Es begann mit einer Performance des Freestyle Orchestra: Artistik mit Geigenbegleitung, mit viel Feuer und Flamme dargeboten. Es sah ein wenig aus wie Circus Roncalli für die Hochkultur.
Neugierig
Danach sprach die Kulturstadträtin Wiens, Veronica Kaup-Hasler die Begrüßungsworte: „Hallo, du wunderbare Stadt mit ihren wunderbaren Einwohnern.
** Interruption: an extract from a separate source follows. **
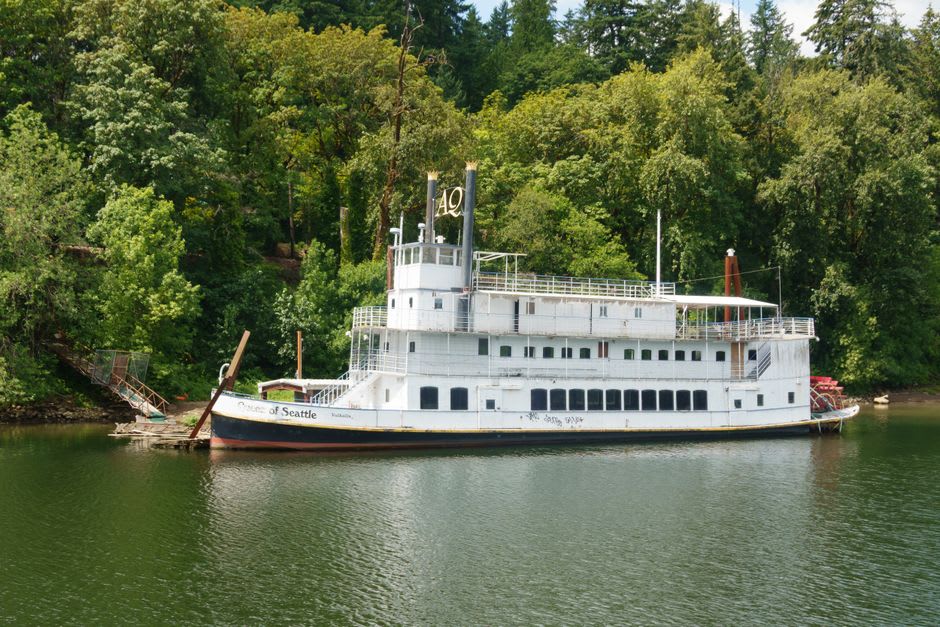 The SS Moyie sternwheeler preserved on the shore of Kootenay Lake, its white hull and paddlewheel visible against the water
Herzlich willkommen alle Neugierigen dieser Welt.“
Es folgte der britische Beatboxer und Looping-Künstler Beardyman. Seine live mit elektronischer Hilfe zusammengebastelte Musik ist faszinierend, dazu gab es Breakdance. Danach sang Valerie Sajdik ein Chanson, und die Fassade des Rathauses wurde zum Eiffelturm.
Dann war Platz für Humor: Die wunderbare Kabarettistin Nadja Maleh sang ein Lied über Selbstgerechtigkeit in den sozialen Medien und sagte so kluge und schöne Sätze wie „Je größer der Dachschaden, umso freier der Blick auf die Sterne“. Ihr Gesang ging dann direkt über in den Obertongesang von Anna-Maria Hefele – ein großartiges, sehr eigenartiges Erlebnis.
Danach kam der Höhepunkt des Abends: Der Gitarrist Wolfgang Muthspiel spielte „Hands“, ein wunderbares Stück Weltmusik zwischen Flamenco und Jazz. Danach kam noch der Song „Vienna“ mit der schönen Zeile: „The airport ist ugly“.
Der Bassist und Multi-Instrumentalist Adam Ben Ezra bot daraufhin Percussion auf dem Bass, bevor Beardyman mit Beatboxing einstieg. Danach betrat die Pianistin und Sängerin Yu Horiuchi die Bühne und spielte wunderbar klagende, sanfte Melodien.
Ihr folgte der italienische Künstler Patrizio Ratto. Er spielte Klavier und verband das mit Akrobatik, Pantomime und Tanz – ein herrlich schräger Auftritt.
Jetzt war Sandra Pires dran: Die Sängerin gefiel im Duett mit Yu Horiuchi und tief traurigen Melodien.
Beeindruckend danach: Die Cellistin Marie Spaeman mit einer Mischung aus Klassik, Percussion, Jazz und Elektronikmusik. Ihr folgte der sehr schräge Entertainer Mr. Leu mit „I Put A Spell On You“.
Zum Abschluss gab es noch ein sehr schönes „Gute-Nacht-Lied“, komponiert von Hyung-ki Joo .
Fazit: Ein herrlicher, gelungener Kraut-und-Rüben-Abend.